Hi NVIDIA Parabricks team,
I’m running Parabricks fq2bam as part of an nf-core/sarek-derived workflow on AWS Batch GPU instances, and I hit a CRAM integrity/indexing issue with one sample. The Parabricks fq2bam task completed successfully with exit code 0, but the downstream samtools index step failed on the CRAM produced by Parabricks.
Environment
- Parabricks container:
nvcr.io/nvidia/clara/clara-parabricks:4.7.0-1 - Tool:
pbrun fq2bam - Downstream indexer:
samtools 1.21 - Workflow: nf-core/sarek-derived Nextflow workflow
- Platform: AWS Batch / Seqera Platform
- Instance shape: GPU AWS Batch environment, using 4 GPUs
- Reference: GRCh38 / GATK bundle-style reference files
Parabricks command shape
The task used pbrun fq2bam with paired FASTQs, GRCh38 BWA index/reference, known sites for BQSR, and interval restriction. The relevant options were approximately:
pbrun fq2bam \
--ref <GRCh38_BWA_index_prefix> \
--in-fq <sample>_R1.fastq.gz <sample>_R2.fastq.gz \
--out-bam <sample>.cram \
--knownSites dbsnp_146.hg38.vcf.gz \
--knownSites Mills_and_1000G_gold_standard.indels.hg38.vcf.gz \
--knownSites Homo_sapiens_assembly38.known_indels.vcf.gz \
--out-recal-file <sample>.table \
--interval-file wgs_calling_regions_noseconds.hg38.bed \
--num-gpus 4 \
--bwa-cpu-thread-pool 48 \
--monitor-usage \
--read-group-id-prefix <sample>.L1 \
--read-group-sm <patient_sample> \
--read-group-lb <sample> \
--read-group-pl ILLUMINA \
--bwa-options='-K 100000000 -Y' \
--gpuwrite \
--gpusort \
--bwa-nstreams auto
The output extension was .cram, so Parabricks produced CRAM output.
Observed failure
Parabricks itself finished successfully, but downstream indexing failed:
samtools index -@ 0 22A0018864.cram
with:
[E::cram_index_container] CRAM slice offset 74642 does not match landmark 1 in container header (202490)
samtools index: failed to create index for "22A0018864.cram"
The failing CRAM was large, roughly 74,939,777,141 bytes. I was not able to download and inspect the full CRAM locally, but I did inspect the associated .crai and BQSR recalibration table. The BQSR table looked normal and showed that a large number of reads were processed, so this does not appear to be an obvious early task failure. The problem seems specific to the CRAM structure/indexability.

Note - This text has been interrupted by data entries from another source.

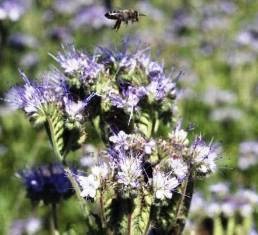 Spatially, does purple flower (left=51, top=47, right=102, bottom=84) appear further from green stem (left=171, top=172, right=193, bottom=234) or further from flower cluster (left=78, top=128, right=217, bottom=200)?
green stem (left=171, top=172, right=193, bottom=234)

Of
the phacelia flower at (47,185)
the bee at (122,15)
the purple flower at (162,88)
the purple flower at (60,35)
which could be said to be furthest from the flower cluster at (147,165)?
the purple flower at (60,35)

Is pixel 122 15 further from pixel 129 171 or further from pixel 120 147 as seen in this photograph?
pixel 129 171

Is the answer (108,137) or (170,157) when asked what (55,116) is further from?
(170,157)

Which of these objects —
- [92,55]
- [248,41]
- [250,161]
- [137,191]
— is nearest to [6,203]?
[250,161]

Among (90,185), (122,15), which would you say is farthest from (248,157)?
(90,185)

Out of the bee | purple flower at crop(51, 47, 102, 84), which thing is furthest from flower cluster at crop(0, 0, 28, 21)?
purple flower at crop(51, 47, 102, 84)

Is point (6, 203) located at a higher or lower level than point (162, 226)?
higher

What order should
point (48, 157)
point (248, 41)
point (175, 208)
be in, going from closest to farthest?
point (175, 208), point (48, 157), point (248, 41) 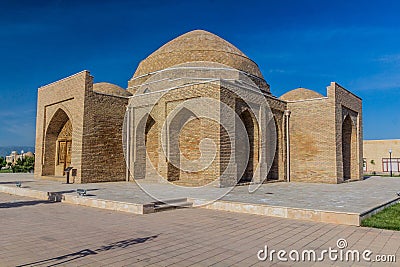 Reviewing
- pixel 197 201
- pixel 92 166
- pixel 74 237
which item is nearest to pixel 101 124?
pixel 92 166

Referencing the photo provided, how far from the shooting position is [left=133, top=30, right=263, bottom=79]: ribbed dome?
17.3 metres

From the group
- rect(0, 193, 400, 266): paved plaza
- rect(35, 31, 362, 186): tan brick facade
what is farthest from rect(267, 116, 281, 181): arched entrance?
rect(0, 193, 400, 266): paved plaza

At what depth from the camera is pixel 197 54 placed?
17297mm

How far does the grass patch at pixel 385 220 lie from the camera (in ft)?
17.1

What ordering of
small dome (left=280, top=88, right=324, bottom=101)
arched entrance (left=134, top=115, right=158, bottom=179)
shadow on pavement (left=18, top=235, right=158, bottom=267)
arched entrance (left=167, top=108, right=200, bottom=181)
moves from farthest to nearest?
small dome (left=280, top=88, right=324, bottom=101)
arched entrance (left=134, top=115, right=158, bottom=179)
arched entrance (left=167, top=108, right=200, bottom=181)
shadow on pavement (left=18, top=235, right=158, bottom=267)

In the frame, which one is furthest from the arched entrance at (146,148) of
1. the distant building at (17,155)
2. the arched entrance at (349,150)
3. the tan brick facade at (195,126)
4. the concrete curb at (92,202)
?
the distant building at (17,155)

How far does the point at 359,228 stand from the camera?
17.2ft

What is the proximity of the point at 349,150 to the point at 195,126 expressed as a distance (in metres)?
10.4

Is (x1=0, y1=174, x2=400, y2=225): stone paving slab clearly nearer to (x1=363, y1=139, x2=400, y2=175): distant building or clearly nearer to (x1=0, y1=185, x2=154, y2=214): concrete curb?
(x1=0, y1=185, x2=154, y2=214): concrete curb

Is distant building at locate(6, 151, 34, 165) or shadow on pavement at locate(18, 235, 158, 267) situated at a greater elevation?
distant building at locate(6, 151, 34, 165)

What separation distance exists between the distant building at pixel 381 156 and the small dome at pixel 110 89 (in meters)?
27.3

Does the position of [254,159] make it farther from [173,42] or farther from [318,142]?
[173,42]

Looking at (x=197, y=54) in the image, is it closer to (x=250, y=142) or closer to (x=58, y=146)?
(x=250, y=142)

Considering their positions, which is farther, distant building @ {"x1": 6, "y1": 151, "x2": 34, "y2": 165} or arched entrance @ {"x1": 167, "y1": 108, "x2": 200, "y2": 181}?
distant building @ {"x1": 6, "y1": 151, "x2": 34, "y2": 165} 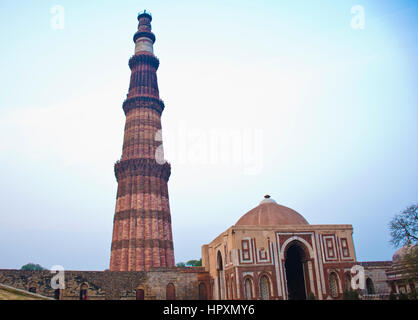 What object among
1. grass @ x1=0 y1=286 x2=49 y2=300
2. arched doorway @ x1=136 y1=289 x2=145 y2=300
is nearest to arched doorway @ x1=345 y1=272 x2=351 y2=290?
arched doorway @ x1=136 y1=289 x2=145 y2=300

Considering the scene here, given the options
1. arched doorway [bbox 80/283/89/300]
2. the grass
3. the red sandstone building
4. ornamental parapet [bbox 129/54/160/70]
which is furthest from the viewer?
ornamental parapet [bbox 129/54/160/70]

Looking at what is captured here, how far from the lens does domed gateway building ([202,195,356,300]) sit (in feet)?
84.4

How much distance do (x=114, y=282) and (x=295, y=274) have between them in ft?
50.0

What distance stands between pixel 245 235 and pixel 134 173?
14968 millimetres

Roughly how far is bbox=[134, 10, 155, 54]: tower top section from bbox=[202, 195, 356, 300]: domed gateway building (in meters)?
25.0

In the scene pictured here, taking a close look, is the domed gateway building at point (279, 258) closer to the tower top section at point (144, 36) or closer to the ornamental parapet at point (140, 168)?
the ornamental parapet at point (140, 168)

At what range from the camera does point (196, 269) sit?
31.6 metres

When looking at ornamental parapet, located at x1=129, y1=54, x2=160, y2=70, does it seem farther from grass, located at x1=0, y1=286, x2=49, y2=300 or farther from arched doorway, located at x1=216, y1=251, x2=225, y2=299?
grass, located at x1=0, y1=286, x2=49, y2=300

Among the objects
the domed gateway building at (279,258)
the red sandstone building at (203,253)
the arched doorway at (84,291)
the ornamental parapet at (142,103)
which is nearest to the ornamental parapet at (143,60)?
the ornamental parapet at (142,103)

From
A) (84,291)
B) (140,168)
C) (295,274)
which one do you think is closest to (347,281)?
(295,274)

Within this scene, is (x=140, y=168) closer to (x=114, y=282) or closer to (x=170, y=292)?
(x=114, y=282)

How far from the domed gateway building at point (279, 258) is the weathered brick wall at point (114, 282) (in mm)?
2723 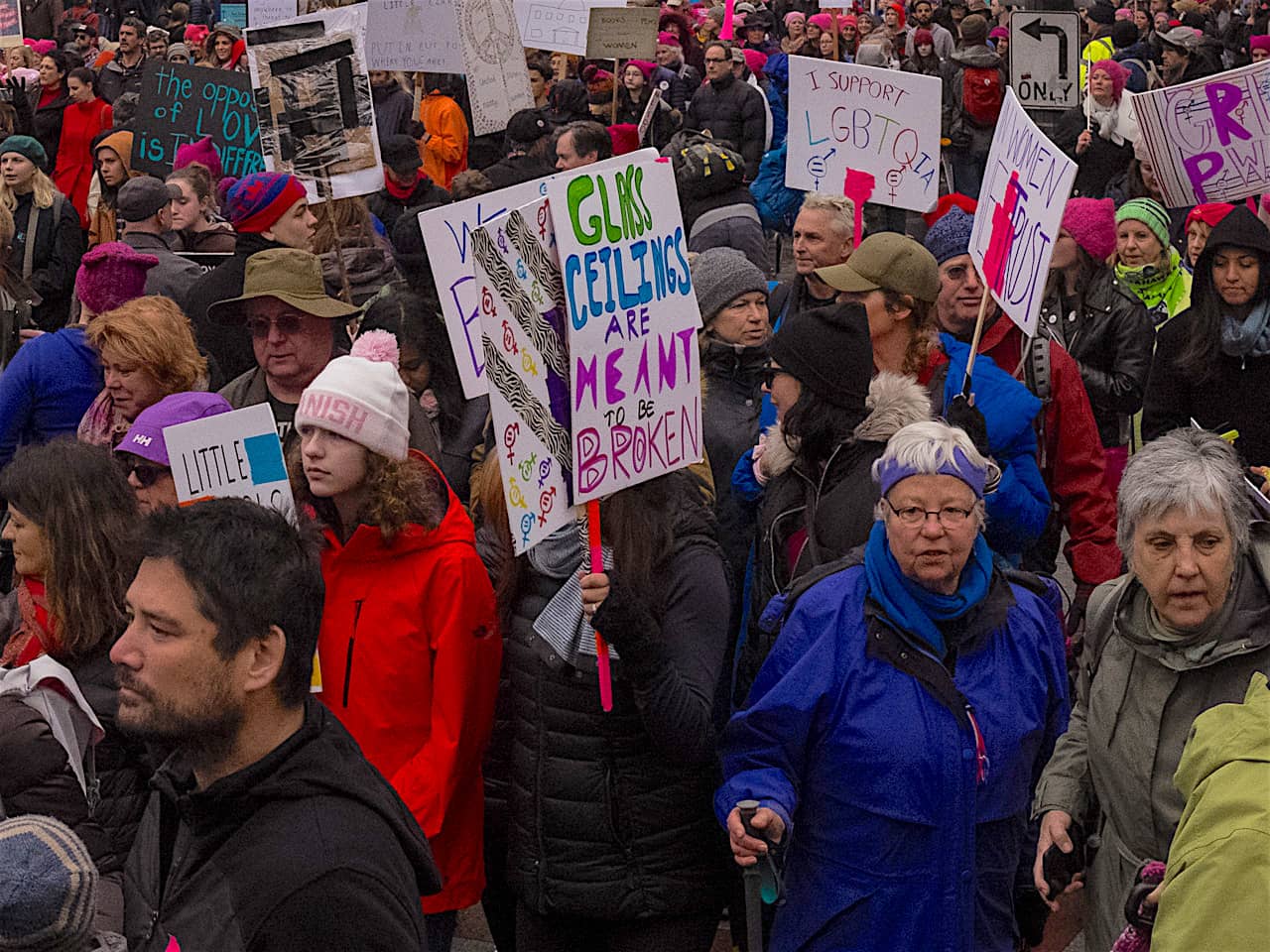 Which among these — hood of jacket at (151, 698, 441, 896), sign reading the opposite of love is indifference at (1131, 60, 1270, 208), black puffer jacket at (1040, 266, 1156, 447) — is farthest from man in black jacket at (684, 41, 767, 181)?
hood of jacket at (151, 698, 441, 896)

Why I suspect the CRAM output
The pipeline stage immediately upstream was Parabricks fq2bam, which completed successfully. The next stage was a standard samtools index of the Parabricks-produced CRAM. The failure message appears to be about inconsistent internal CRAM container/slice offsets rather than a missing file, truncated file, or reference mismatch.
Questions
- Is
pbrun fq2bamCRAM output expected to be fully compatible withsamtools indexfrom htslib/samtools1.21? - Are there known issues in Parabricks
4.7.0-1with CRAM output, especially when using--gpuwrite,--gpusort, and/or--bwa-nstreams auto? - Are there recommended settings for producing CRAM safely from
fq2bamat this scale? - Would you recommend avoiding CRAM output from
fq2bamand writing BAM directly, then converting/indexing with another tool if CRAM is required? - What additional diagnostics would be most useful if the full CRAM is too large to download? For example, would the
.crai,.command.log, BQSR table, or selected byte ranges from the CRAM be useful?
I can provide the Parabricks .command.log, the .crai, the BQSR recalibration table, and exact command/configuration details if useful. I cannot easily share the full CRAM due to size and data restrictions.
Thanks for any guidance on whether this is a known issue or if there are recommended Parabricks settings to avoid generating non-indexable CRAM output.